If we go back several decades it becomes easier to separate the two genres. Tolkien is the perfect example of fantasy – epic battles, sword-wielding heroes, brave yet feminine heroines, dark forces needing to be vanquished and the triumph of good and hope over evil.
Arthur C Clarke and Carl Sagan are the perfect examples of science-fiction. It’d be difficult to find even one tiny element that is not based on some scientific theory – even if that theory is wrong.
But these days, a lot the science-fiction of yesteryear is now fact. Basic scientific theories are given, they are taught at schools, further information is available in just about any library in any town in the world and of course the internet provides a wealth of information. This gives fantasy authors the knowledge they need to incorporate scientific ideas into their stories and helps blur the lines.
Think of Terry Pratchett, whose fantasy (comic fantasy) allows for development and evolution.
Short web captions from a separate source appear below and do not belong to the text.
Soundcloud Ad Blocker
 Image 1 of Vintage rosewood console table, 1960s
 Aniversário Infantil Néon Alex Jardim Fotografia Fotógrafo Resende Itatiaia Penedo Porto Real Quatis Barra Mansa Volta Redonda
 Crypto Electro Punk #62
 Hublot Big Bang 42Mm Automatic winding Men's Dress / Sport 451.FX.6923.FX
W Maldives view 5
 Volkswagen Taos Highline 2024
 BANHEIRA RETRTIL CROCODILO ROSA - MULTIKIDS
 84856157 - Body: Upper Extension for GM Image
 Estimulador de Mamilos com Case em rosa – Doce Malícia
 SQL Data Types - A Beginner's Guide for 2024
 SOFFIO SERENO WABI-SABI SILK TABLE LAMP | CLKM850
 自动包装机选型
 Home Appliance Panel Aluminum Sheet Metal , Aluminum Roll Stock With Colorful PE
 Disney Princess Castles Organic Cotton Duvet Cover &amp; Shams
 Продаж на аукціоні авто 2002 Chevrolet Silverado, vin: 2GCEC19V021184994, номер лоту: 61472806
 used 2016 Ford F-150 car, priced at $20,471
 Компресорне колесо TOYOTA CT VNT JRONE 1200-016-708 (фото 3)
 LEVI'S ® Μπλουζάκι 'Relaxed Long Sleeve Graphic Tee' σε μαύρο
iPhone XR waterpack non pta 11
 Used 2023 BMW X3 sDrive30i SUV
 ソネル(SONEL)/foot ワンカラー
Think of China Mieville, who calls himself a writer of “weird fiction” and who blends the two genres perfectly.
One could debate the vague boundaries almost endlessly, but sometimes it’s the simplest distinctions that are best.
- If elements of a story are bound by the laws of physics, or reasonably rationalised approximations of the laws of physics then the story is science-fiction.
- If the laws of physics have been discarded and entirely new laws conceived then the story is fantasy.